With New York already up 1-0 Rodriguez stepped up to the plate with a runner on second and two outs to face Tigers starter Rick Porcello.

Eventually the boos and cheers subsided, and Yes Network announcers Michael Kay and Kenny Singleton pointed out that Rodriguez has dealt with mixed reactions during his entire stay in New York and since he became the highest paid player in baseball. Yankee fans will praise Rodriguez if he can somehow lift them up the Wild Card standings, and deride him should they continue fade in the final two months of the season. New York is currently seven games back from one of the two Wild Card spots, and 10 games behind first place Boston in the AL East.

Rodriguez would strikeout on four pitches, and finished the game 0-for-4 with two more strikeouts, seeing 22 total pitches.

While Rodriguez isn’t short on detractors, one major sports figure has spoken out against Major League Baseball and their treatment of Rodriguez.

At one time in line to purchase two MLB clubs, Dallas Mavericks owner Mark Cuban lambasted MLB and commissioner Bud Selig for essentially running the league like his “mafia.”

Cuban appeared on the "Tonight Show" on Thursday, and told Jay Leno and the world that while he thinks Rodriguez does deserve a suspension, he believes the league is taking things to a personal level.

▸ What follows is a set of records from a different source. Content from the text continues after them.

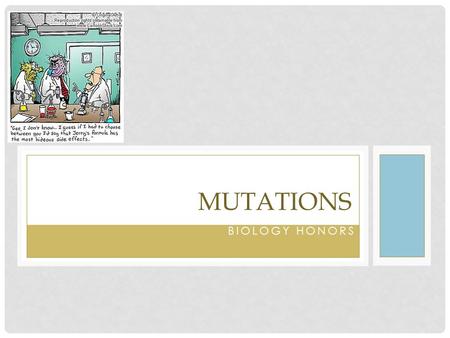 BIOLOGY HONORS MUTATIONS. WHAT IS A MUTATION? A change in DNA Can cause changes in organism Happen randomly Can be beneficial, neutral, or harmful For.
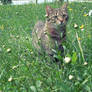 Playing in the grass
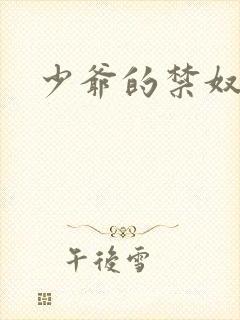 少爷的禁奴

"Horrible," Cuban said. "I think it's disgraceful what Major League Baseball is trying to do to him. Look, it's not that he doesn't deserve to be suspended. He does. They have policies in place: A first-time offender is 50 games, and a second time is 100. [Two hundred and eleven games], that's personal."

Cuban then spoke about his previous dealings with Selig and MLB when he tried to buy stakes in the Texas Rangers and the Chicago Cubs.

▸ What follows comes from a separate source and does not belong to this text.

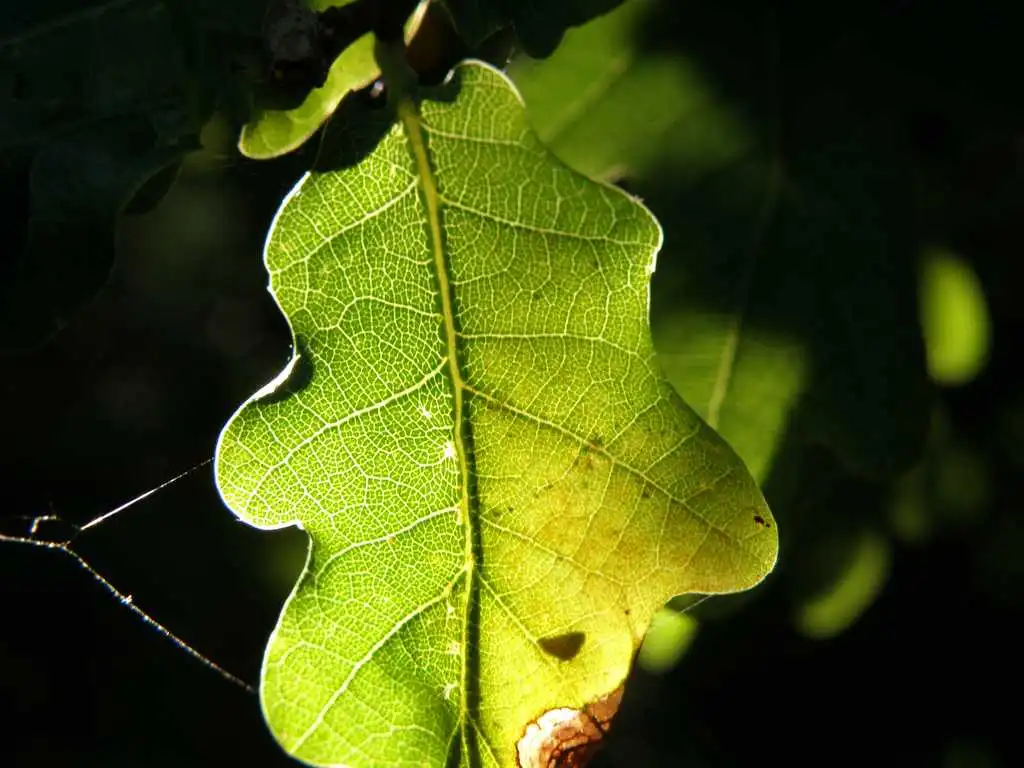 Scientists make a proof-of-concept battery from a carbonized oak leaf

"I've got to tell you, with my experiences with Major League Baseball -- and after all of this, there's no chance I'm getting to buy a team -- it's basically become Bud Selig's mafia," Cuban said according to ESPN Dallas. "He runs it the way he wants to run it. They don't want me to own a team. When I was trying the buy the Rangers, even after the Cubs, when I was trying to buy the Texas Rangers, it was an open option.

"I sat in there with my good, hard-earned money trying to bid, and they did everything possible to keep me from buying the team. They had lawyers in there trying to change the rules; they had people trying to put up more money. It was horrible."

Leno suggested that perhaps the league was making an example of their top players, but Cuban disagreed.

"It shouldn't be that way," Cuban said. "That's one of the poor things about sports. How much money a player makes should have nothing to do with the way you treat them.

"The reality is the guy broke the rules. He basically admitted that he had broken the rules before. But to come out and try to give him a lifetime ban, that's just wrong."